母様「ふふっ、あらあら、相変わらず仲良しね、ふふっ、ソル君もお顔を拭いて、目の腫れを治しましょうね。ふふっ」
母様に顔を拭いてもらって、恥ずかしがってるソルを見て、“あ、ソルも同じだ“って恥ずかし仲間を見つけてちょっと安心。治療も終わってすぐ僕のお着替えのターン、いつも通りされるがままになって、普段通りの服装でソルや母様や父様達と食堂で待っている家族や仁達のもとへ。
食堂に行く道すがら、ソルが・・・
ソル「アトリー様、仁さん達に僕達の“感情共感“の件がバレてしまいました。申し訳ありません」
と、シュンッとした様子で謝罪してくるソル。
(あらら、流石に気づかれちゃったか?(*´ー`*))
天華『そうですね、先程の状況では誤魔化しが聞きませんでしたので、私達がバラしました。アトリー、また許可無く、秘密をバラしてしまいすみません』
と、お着替えが終わって定位置に戻って来ていた天華が、ソルと同じようにシュンッとして謝った。

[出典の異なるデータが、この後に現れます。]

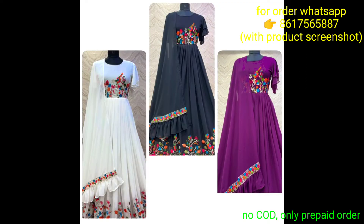Color options are available at the same price. So finally, this is today's collection — please tell me in the comment box which gown you liked.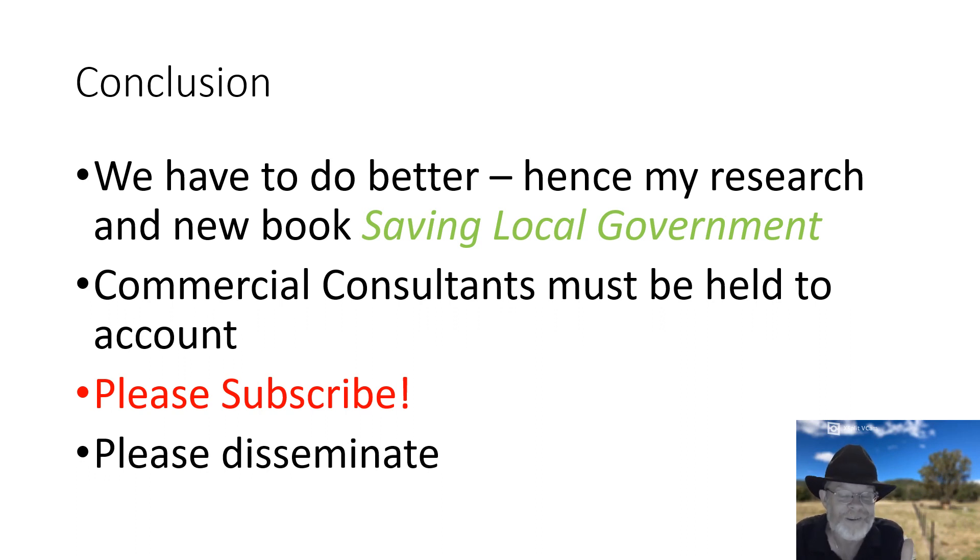I get very little out of writing a book and doing these videos — it was purely there to help you. So please, if you can get a copy, please do so. I'm looking forward to people implementing these ideas and improving local government for the benefit of everyone.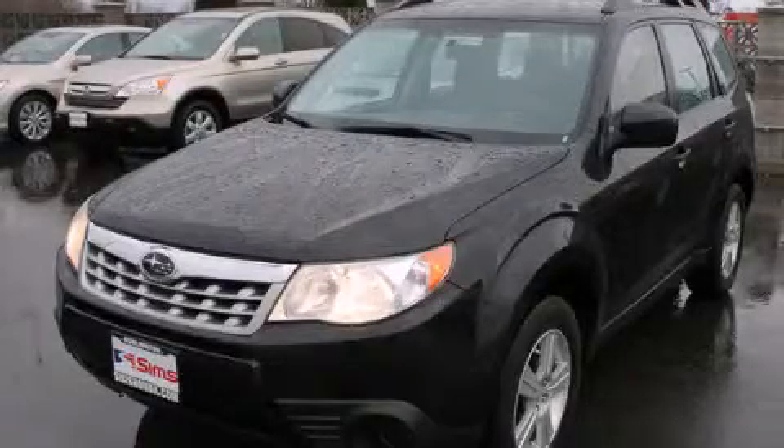This is a 2012 Subaru Forester, a great blend of utility, comfort, and style.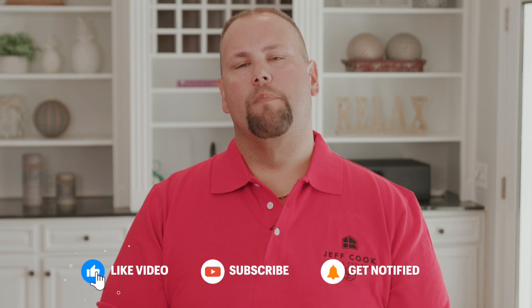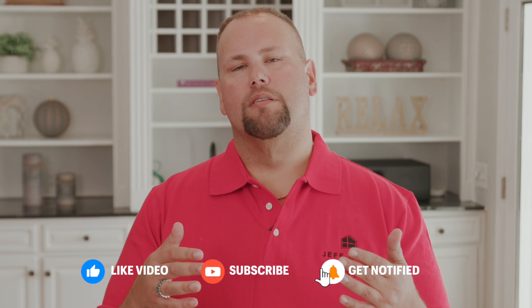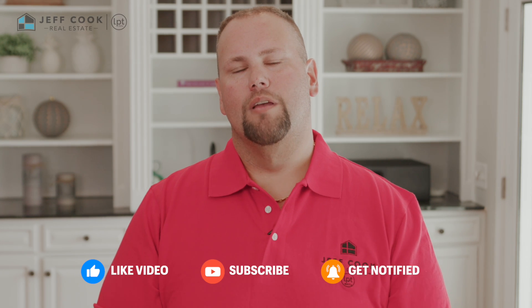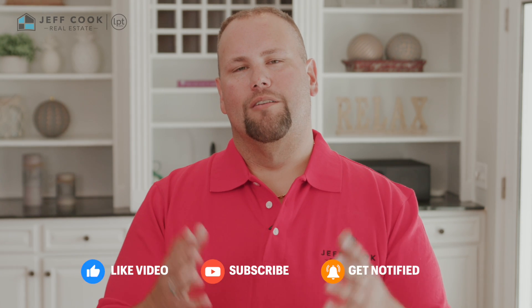So if you're ready to experience the magic of Alta Vista, reach out today and let's start your Greenville homeownership journey. We are here to answer any questions that you might have. As always, if you have any questions, put it in the comments or shoot us a message. Feel free to reach out. Until next time, happy house hunting. Please like and subscribe for future content and videos. I'm Jeff Cook — look forward to seeing you soon. Thank you.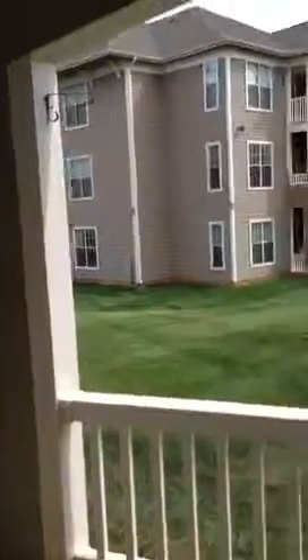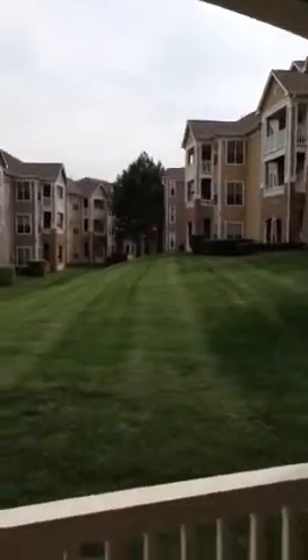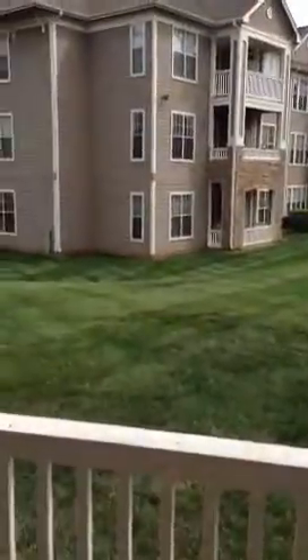The patio is a nice big size with room for outdoor furniture. On our particular patio, you'd come out and be looking out onto the lake and the nice greenway.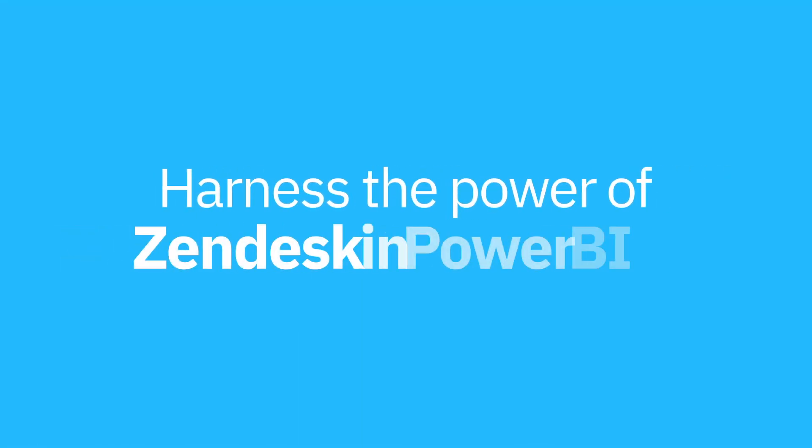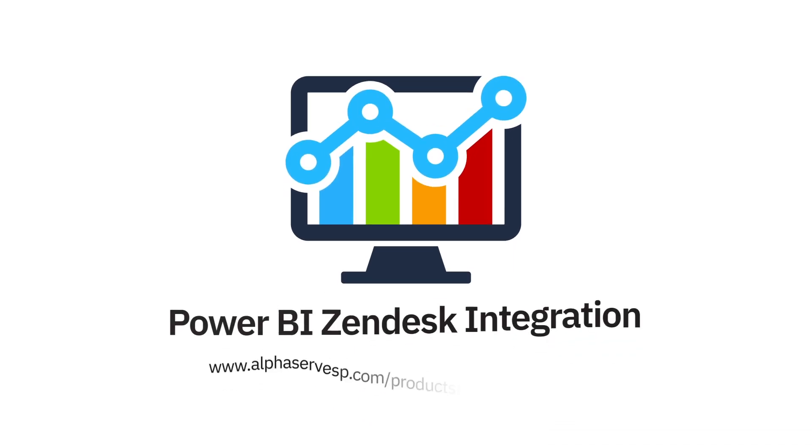Harness the power of Zendesk in Power BI. Visit us online to learn more and try it for free now.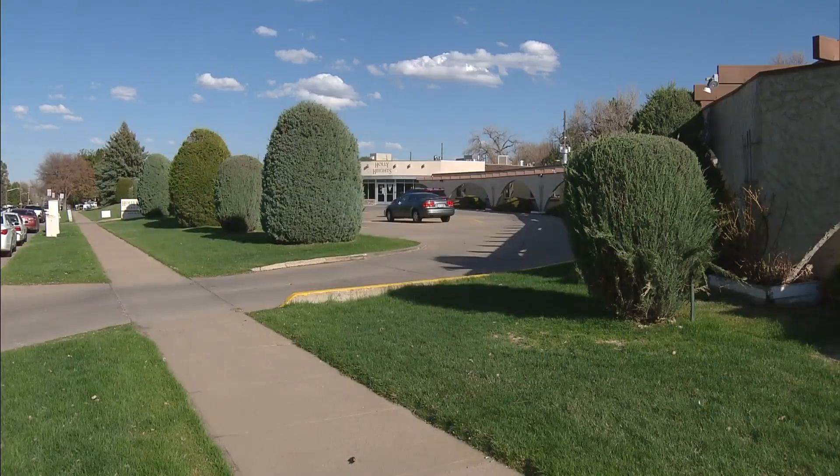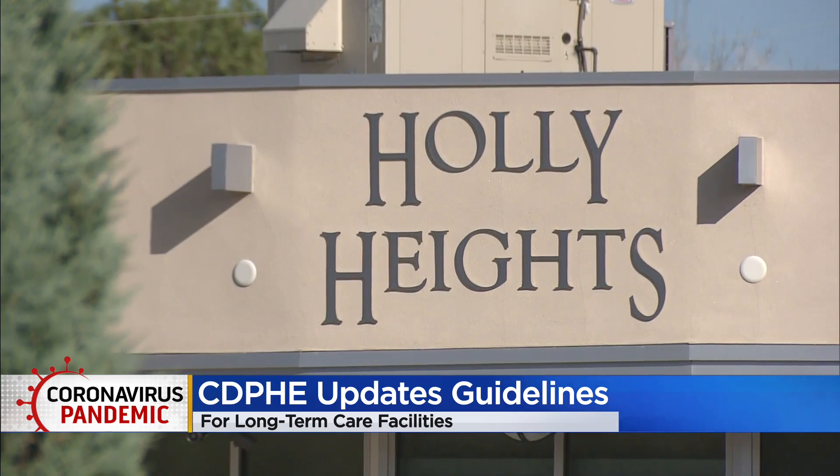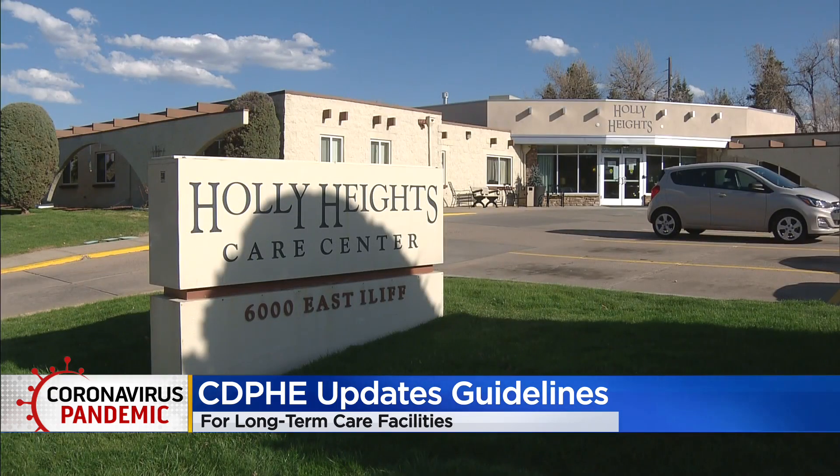The updated guidelines now require COVID-19 testing at skilled nursing facilities, assisted living residences, group homes, and intermediate care facilities. All long-term care facilities must implement ongoing surveillance testing plus outbreak testing as needed. Surveillance testing will be required weekly for staff as well as for any residents who have left the facility.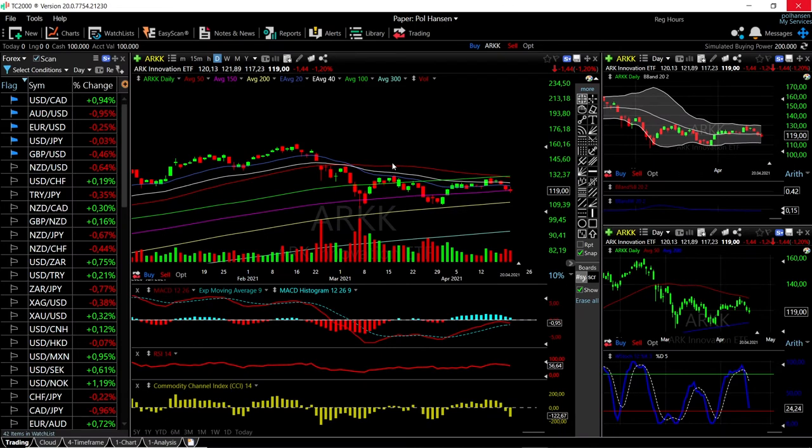Welcome back. We are here looking at the ETFs and this is going to be my daily forecast for Wednesday, April 21st, 2021. If you'd like to support our channel, hit the subscribe button, the like button, and the bell button to see our new videos. You're welcome to join us over at Patreon — the link is down below.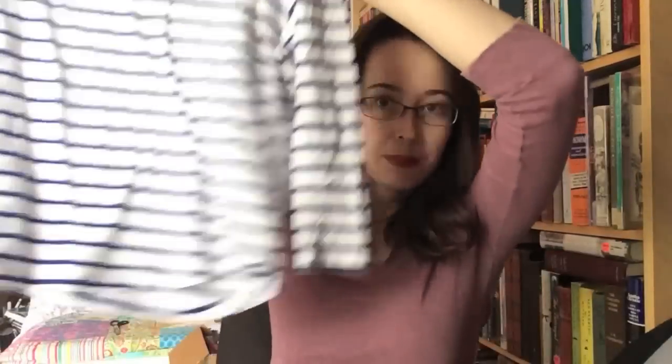And then this Zara Organics Cotton Striped Tee. I thought it was long sleeves but it's three-quarters, so yep, I got that.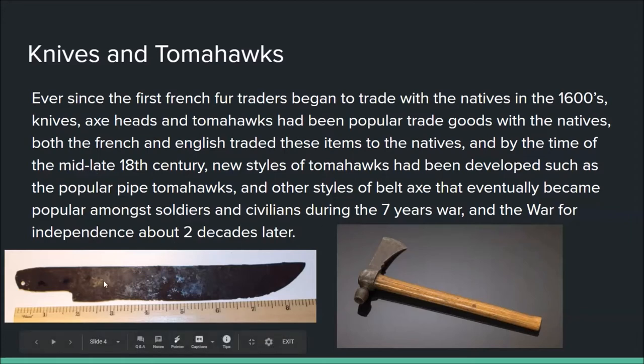This knife here is an English scalping-style knife. As the name implies, it was used for scalping, and knives of that style were quite popular amongst Native American warriors.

「ん、いいよ、前回の“スキルの進化“の時から疑われてはいただろうし、仁さん達は人にその事を言いふらすような人達じゃないからね。知られても僕は問題ないよ」
と、しょんぼりする。天華の頭を撫でながら言った。すると、ソルが。
ソル「!、そうですか、・・・良かった・・・」ボソッ
最後の方にボソッと、心底安堵するように呟いた言葉は、さっきまで僕のさまざまな感情が流れてきていて、ソルも僕と両親との話し合いで何があったか心配していたようだ。さっき僕が“スキルの進化“の話を普通にしたので、両親に秘密を打ち明けたことにすぐ気づいたのだろう、僕の心のわだかまりがなくなった事を心の底から喜んでくれたみたいだ。
「ふふっ、ソル、今日もすごく心配かけてごめんね、そして、いつも、見離さずに僕と一緒にいてくれてありがとう、これからも宜しくね♪」
ソル「はい♫」
凄く良い笑顔で返事を返してきたソルに、僕も笑顔で返し、2人でご機嫌で会話しながら食堂に歩いて行くのを、父様と母様はいつもと同じニコニコ笑顔で眺めていた・・・
そうこうしている間に僕達は食堂に着き、扉を開けると、・・・
「「「「「アトリー!」」」」」「「「アトリー君!」」」ガタガタッ!
と、食堂に集まっていた、家族と仁達が音を立てて椅子から立ち上がった。
「えっと、ご心配おかけしてしまって、ごめんなさい」ペコリッ
僕は驚きつつも、謝罪した。
ダッ! ガバッ! むぎゅっ!
カミィ姉様「アトリー!本当に心配したわ!」
「むぐっ、カ、カミィ姉様・・・」
真っ先に僕に駆け寄り抱きついて来たのは、兄弟の1番上の長女カミィ姉様だ、カミィ姉様は僕の頭を優しく撫でつつも強く僕を抱きしめた。他の姉様、兄様達も抱き締められている僕を、肩や背中を優しく叩いたり、撫でたりしてくる。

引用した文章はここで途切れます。